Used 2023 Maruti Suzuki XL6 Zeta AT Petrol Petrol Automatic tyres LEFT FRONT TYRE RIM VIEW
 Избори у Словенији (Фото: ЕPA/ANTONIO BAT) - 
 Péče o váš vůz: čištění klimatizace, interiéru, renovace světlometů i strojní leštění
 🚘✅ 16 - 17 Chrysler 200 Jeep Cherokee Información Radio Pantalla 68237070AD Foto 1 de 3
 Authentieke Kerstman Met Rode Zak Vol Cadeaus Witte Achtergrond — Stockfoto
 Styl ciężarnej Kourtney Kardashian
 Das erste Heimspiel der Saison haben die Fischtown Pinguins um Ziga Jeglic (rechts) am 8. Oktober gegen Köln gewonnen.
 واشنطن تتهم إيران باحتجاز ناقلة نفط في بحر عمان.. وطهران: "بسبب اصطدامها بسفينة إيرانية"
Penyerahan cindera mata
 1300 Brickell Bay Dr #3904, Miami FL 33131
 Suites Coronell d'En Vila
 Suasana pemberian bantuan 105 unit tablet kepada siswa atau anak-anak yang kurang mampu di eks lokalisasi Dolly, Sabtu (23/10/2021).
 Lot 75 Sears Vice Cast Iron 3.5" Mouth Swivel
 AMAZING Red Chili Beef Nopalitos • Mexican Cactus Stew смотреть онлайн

What is needed:
Retype word for word everything in the listing above from the line that holds "1300 Brickell Bay Dr #3904, Miami FL 33131" down to the line that holds "Lot 75 Sears". Keep both end lines and leave out the rest.

Result below:
 1300 Brickell Bay Dr #3904, Miami FL 33131
 Suites Coronell d'En Vila
 Suasana pemberian bantuan 105 unit tablet kepada siswa atau anak-anak yang kurang mampu di eks lokalisasi Dolly, Sabtu (23/10/2021).
 Lot 75 Sears Vice Cast Iron 3.5" Mouth Swivel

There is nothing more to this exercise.